DAO controls and upgrades the network
What it is: Protocols usually develop slowly as building consensus takes time. A key feature of ICP among blockchains is its ability to frequently update without losing decentralization. ICP self-upgrades through the NNS DAO, and since its launch, it has undergone hundreds of upgrades.
What it enables: New functionality can be added. All of the rich capabilities smart contracts have above are due to the protocol being able to update itself.
Scale out via subnets
What it is: ICP consists of many subnets, each powering a subset of the smart contracts running on ICP, and all smart contracts can seamlessly talk to each other.

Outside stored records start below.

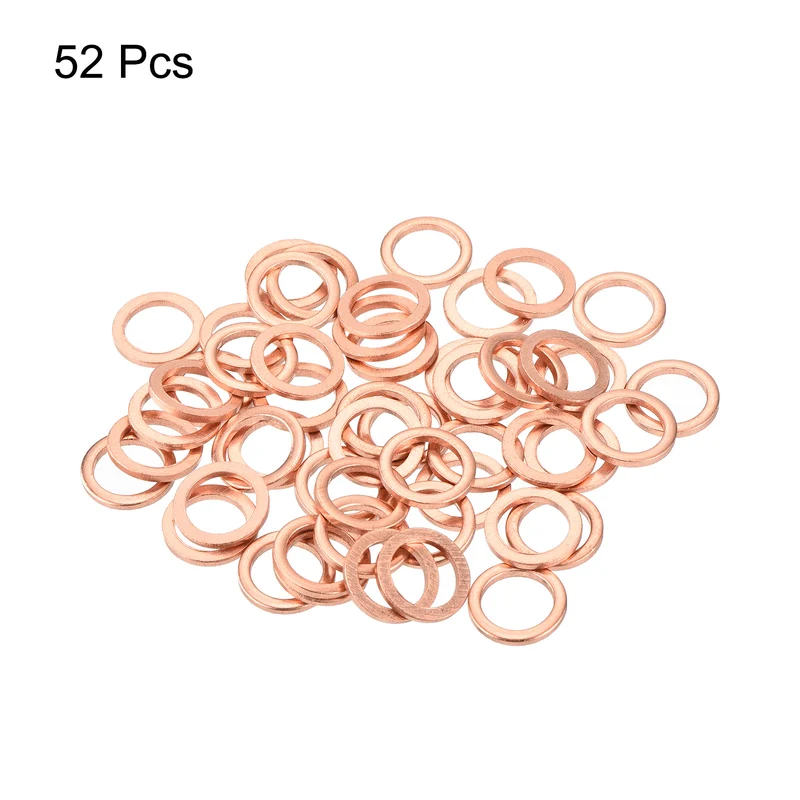 52 Pcs Flat Copper Washers 10x14x1.5mm Copper Flat Sealing Ring Washers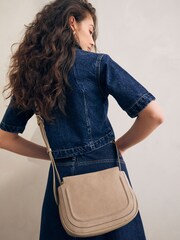 Bone Leather Suede Saddle Bag - Image 2 of 7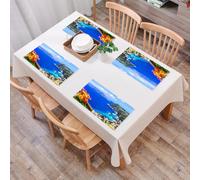EYLOZS Tovagliette Lavabili,Set di 4 Tovagliette Colazione in PVC,Antiscivolo,Resistenti al Calore,per Tavolo da Cucina,Vacanze estive italiane - splendida isola di Capri Campania Italia,45x30cm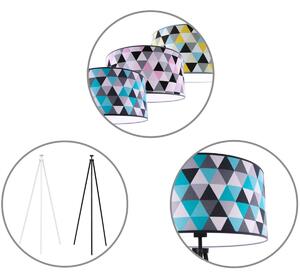 Stojacia lampa Garo, 1x textilné tienidlo so vzorom (výber z 3 farieb), (výber z 3 farieb konštrukcie)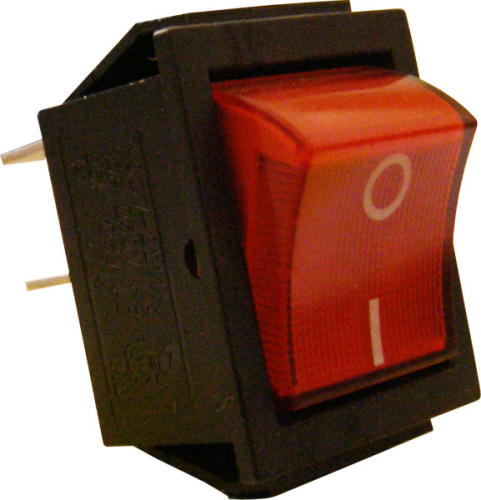 Переключатель АсКо КСD7 красный с подсветкой - фото 1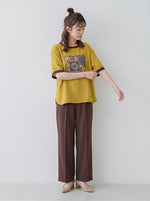 ゆったりクルーネック 配色トリムプリントTシャツ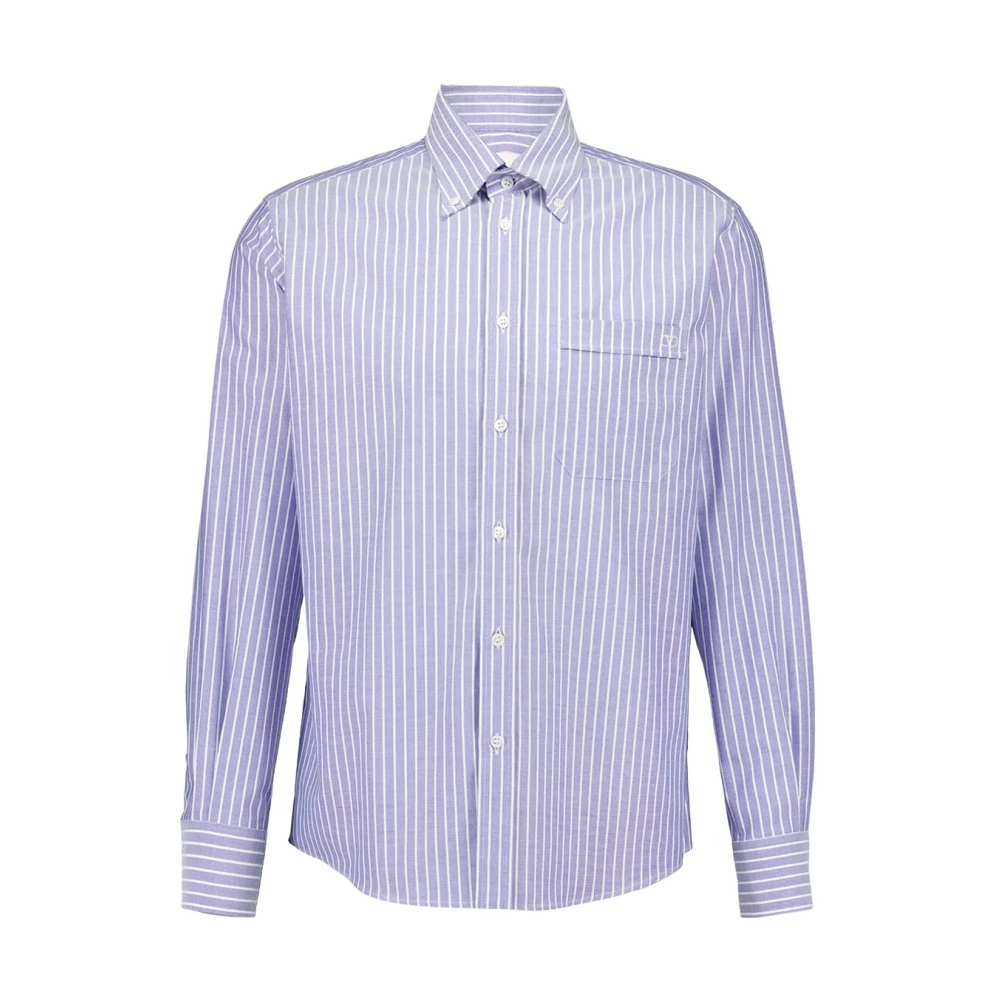 Valentino Garavani Men's Purple Blue Vlogo Embroidered Cotton Shirt - Casual Shirts - 2XL - Shirts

New subnets can be added dynamically, which allows ICP to scale and keep up with increasing load.
What it enables: Efficiency and performance.
Standardized, powerful node hardware
What it is: A replicated system is only as fast as the weakest nodes. To enable these powerful smart contracts, ICP runs on powerful machines in data centers. Nodes on ICP must keep up with the high minimum bar. The implication of this design decision: one cannot simply participate with their Raspberry pi.
What it enables: Performance.
Asynchronous execution
What it is: Smart contracts run in an asynchronous environment (as opposed to Ethereum's synchronous model). This is because in a synchronous environment the "whole world waits" for one's smart contract transactions. This is easy for a developer to reason about but it comes with large performance penalties. ICP has an asynchronous environment to enable many smart contracts to be processing simultaneously. The implication of this design decision: a more complex programming model for web3 developers, but one more familiar to Web2 developers.
What it enables: Efficiency.
Deterministic decentralization
What it is: Blockchains get their security from replication, having many computers do the same computations and check each others work. This is great for security, but also inefficient, as many computers redo the same work. Deterministic decentralization algorithmically maximizes decentralization and security while minimizing replication. The decentralization maximized include: number of unique node providers, their location, their data centers, etc... The implication of this design decision: The replication factor is not as high as it is on Bitcoin and the-like.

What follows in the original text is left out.